Some of my favorite memories from grade school wouldn’t exist if it weren’t for P.E. class: tackling Holiday-themed obstacle courses, learning how to play my soon-to-be favorite sport (soccer), and crab-crawling across the floor in a fit of laughter alongside friends. I had a blast in gym class and looked forward to each school day because of it. However, that’s not to say it didn’t come with its challenges.
I loved to play the aforementioned games, but sometimes P.E. demanded more than I had to offer. A prime example is the rope climb: one day, my teachers introduced the challenge of climbing to the very top. But I just couldn’t do it, and it exhausted me both mentally and physically to try.
I appreciated the challenge, but at the same time, I despised my gym teachers for making me attempt the impossible. And as it turns out, stubborn little-me may have benefited from foregoing the activity. A new study from the University of Stirling says that kids should exercise at their own pace, instead of exhausting their energy, as the former improves their attention and memory. Researchers suggest P.E. teachers reevaluate the structure of their classes, amidst these findings.

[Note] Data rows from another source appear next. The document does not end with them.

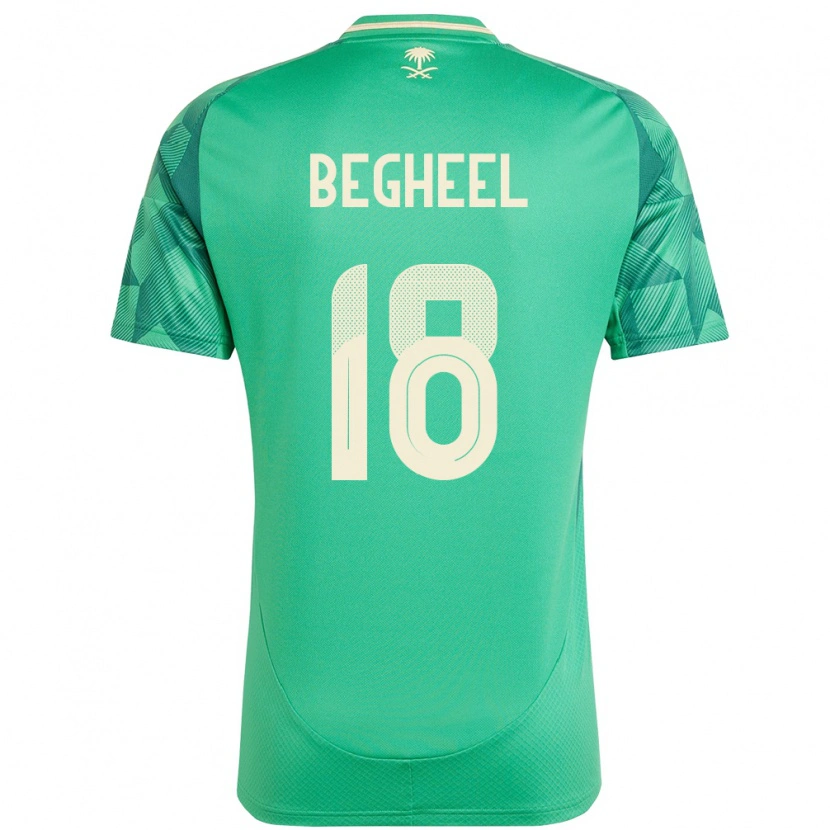 Danxen Damen Saudi-Arabien Qasem Begheel #18 Grün Heimtrikot Trikot 24-26 T-Shirt Schweiz
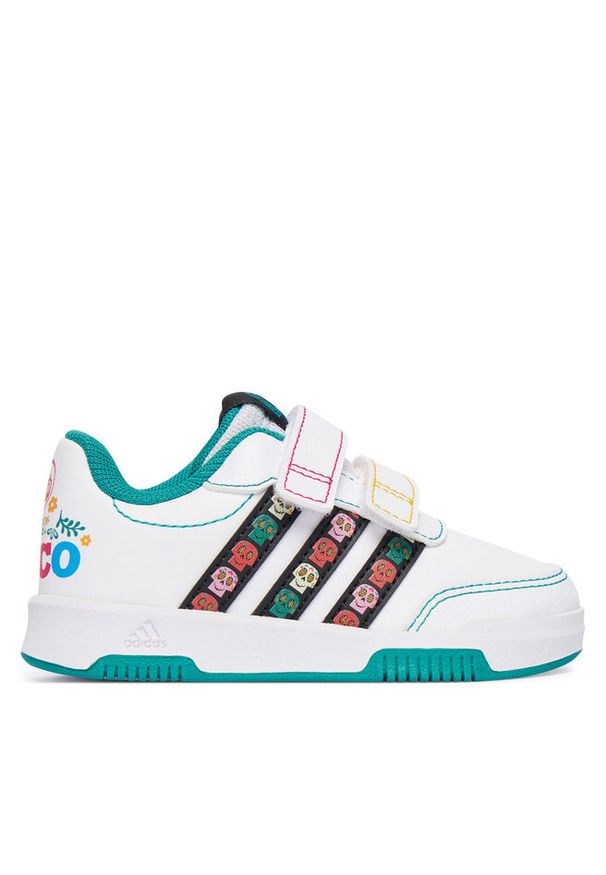 Adidas - Sneakersy adidas. Kolor: biały. Wzór: motyw z bajki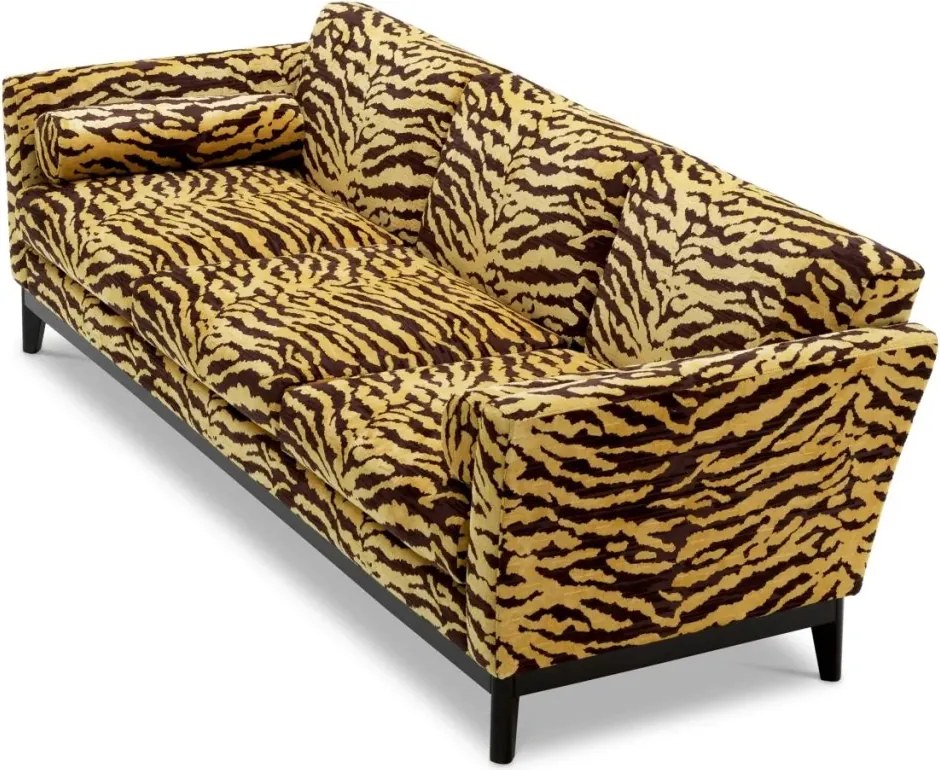Canapea design LUX Flux, maro Tigris
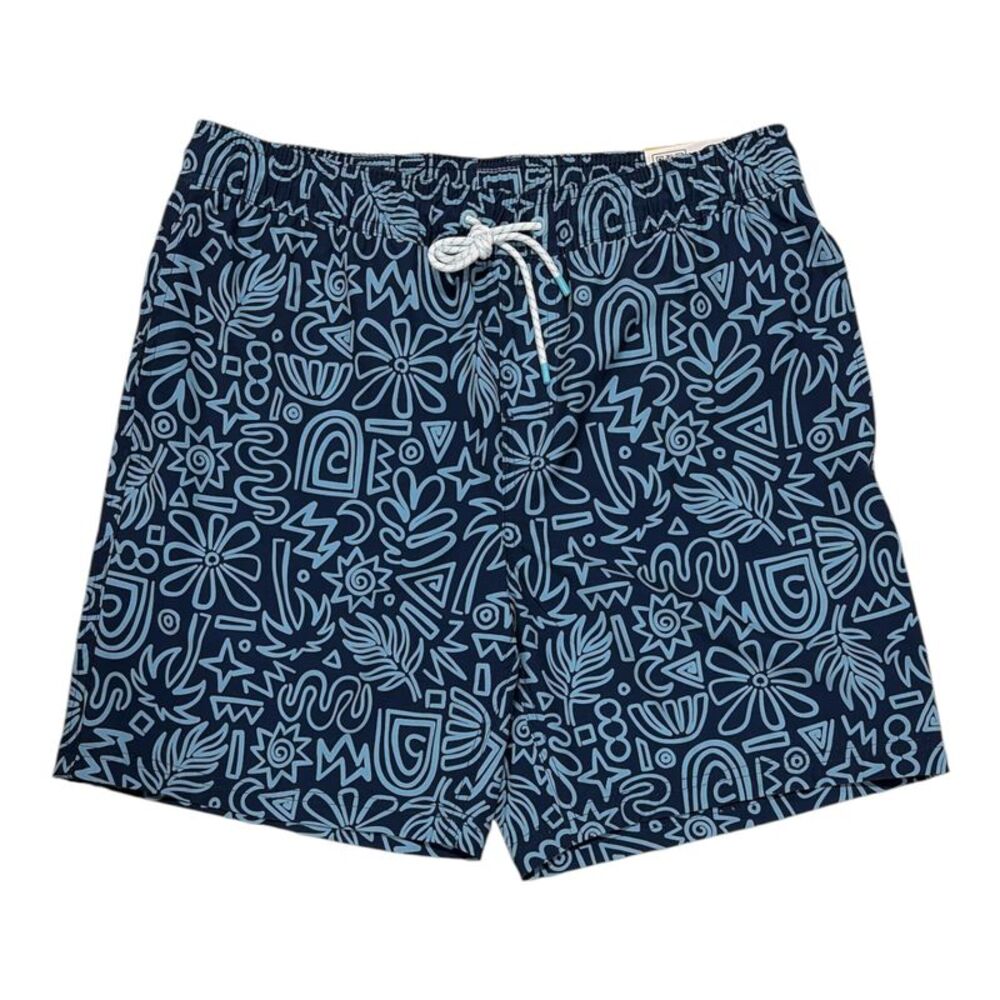 Member's Mark Mens Resort Swim Trunk, Performance Boxer Brief Liner - Outline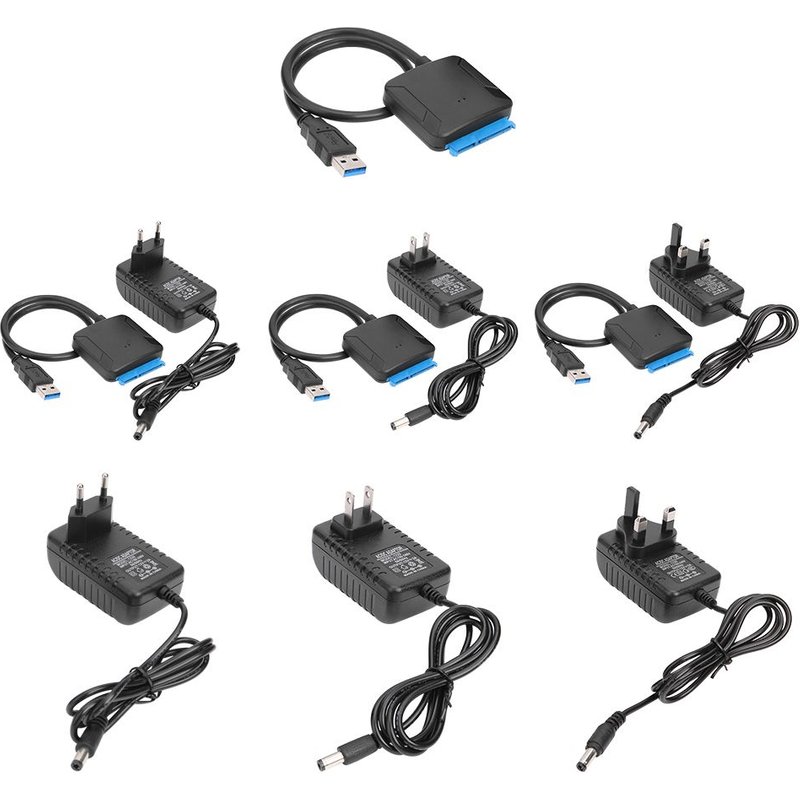 Câble de conversion USB 3.0 vers SATA Portable, adaptateur de disque dur SSD externe 2.5/3.5 pouces, Transmission rapide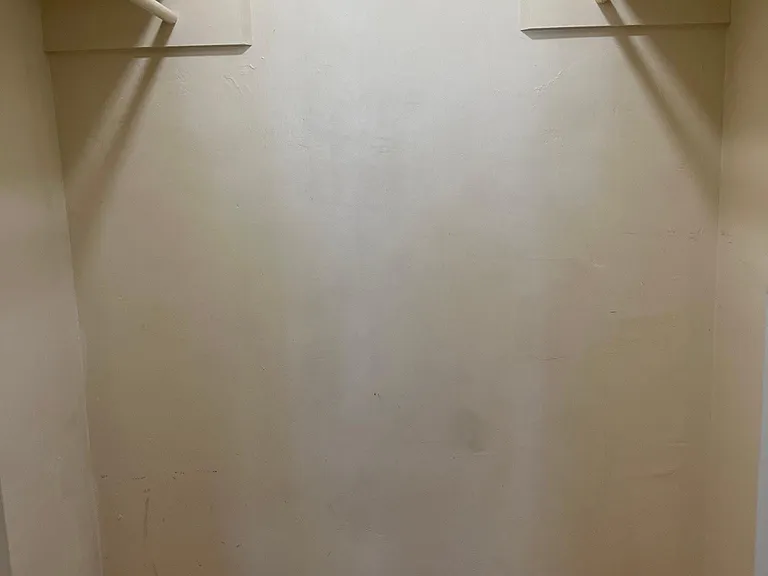 Walk in closet in master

This study is just a small part of the BBC Learning’s Terrific Scientific Campaign, which is meant to boost kids’ interest in science—but it did one further by yielding these significant results. Over 11,000 students in the UK helped the researchers reach these findings: they simply completed attention and memory tasks on the computer and participated in three different outdoor activities—a bleep test (the most intense of the three), a run/walk activity (of intermediate intensity), and a control activity (low-intensity activity) where they simply relaxed outside. The kids also answered questions, such as how happy and energized they felt, both before and after completing the activities.

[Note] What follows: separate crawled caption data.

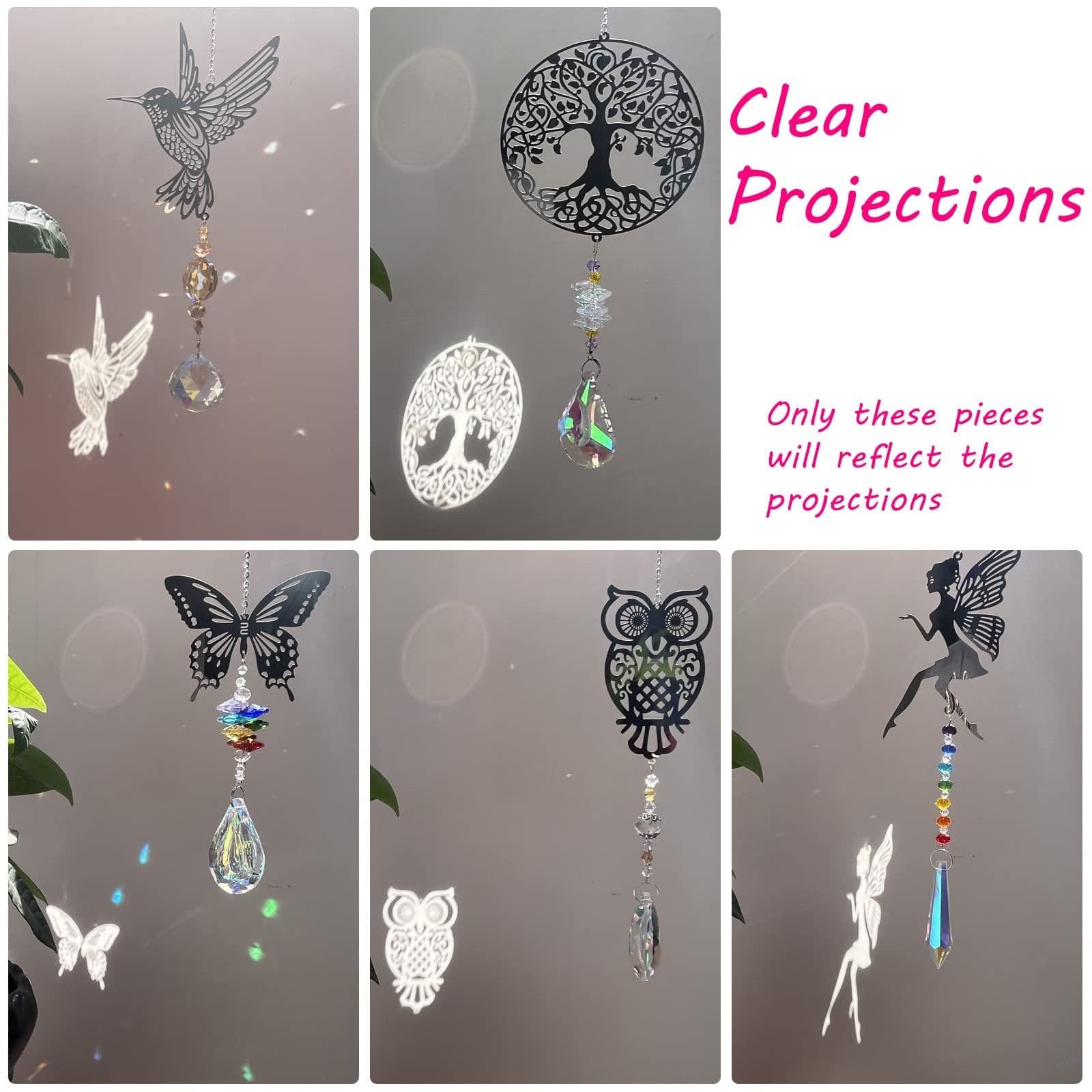 image-Crystal Sun Catcher Gardening Decorative Pendant
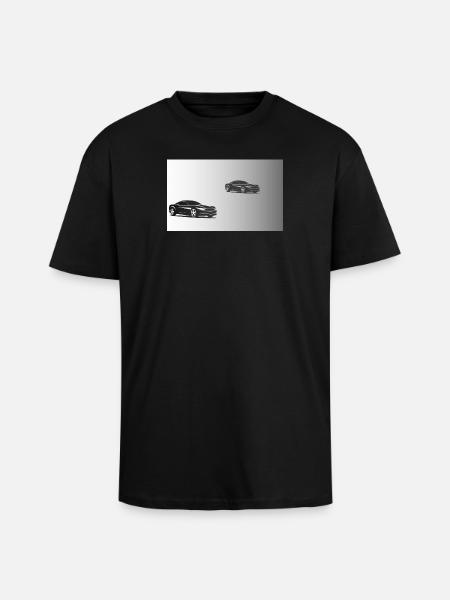 Auto - Oversized Heavyweight Unisex T-Shirt - Schwarz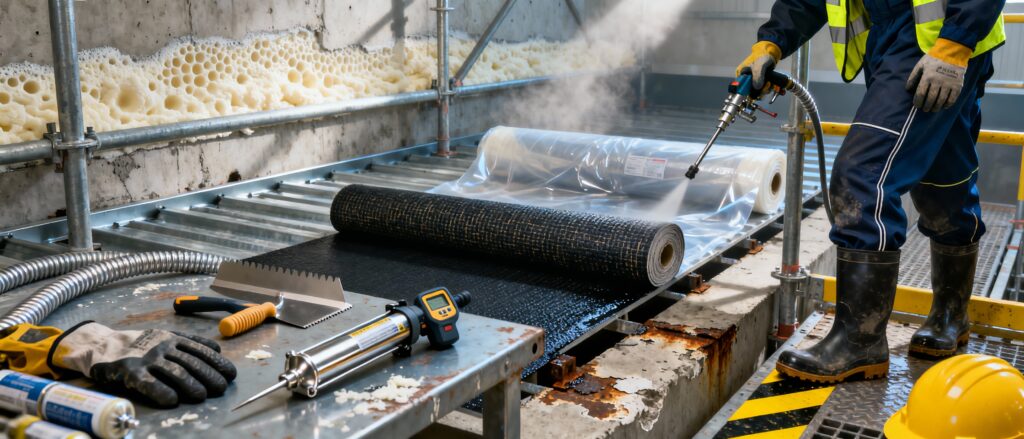 Treballs d'aïllament i impermeabilització 6h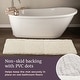 preview thumbnail 11 of 43, 58x24-Inch Bathroom Runner with Non-Slip Backing - Absorbent High-Pile Chenille Memory Foam Bathroom Rug by Windsor Home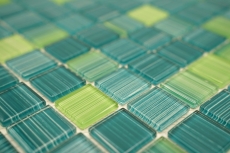 Motif à main Carreau de mosaïque Translucide Vert vif Mosaïque de verre Crystal Vert vif MOS64-0509_m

The researchers observed the following from the reports: the participants felt more awake after taking a break and engaging in short-term exercise; they felt more awake after the bleep test and the run/walk test than after the control activity; and they felt best after completing the run/walk activity. Additionally, the kids completed the computerized attention tasks quicker after the run/walk activity, as compared to the other two outdoor activities; and they had greater control over their responses after completing the bleep test and the run/walk test than after the control.
Ultimately, the study, “concluded that exercising leads to improvements in children’s mood and cognition,” as explained by Dr. Colin Moran of the University of Stirling’s Faculty of Health Sciences and Sport. “In most tasks, participating in run/walk activity was more beneficial than doing the bleep test, where children should be closer to exhaustion. However, in most cases, doing the bleep test was no different from completing the control activity.”
Dr. Josie Booth of the University of Edinburgh’s Moray House School of Education breaks down how these findings should effect change: “This suggests that children should be encouraged to exercise at their own pace […] this may help children be more ready to learn when they return
to the classroom.” She goes on to say that this does not translate into discouraging kids from tackling more vigorous activities—but that an emphasis should be placed on exercising at a comfortable pace.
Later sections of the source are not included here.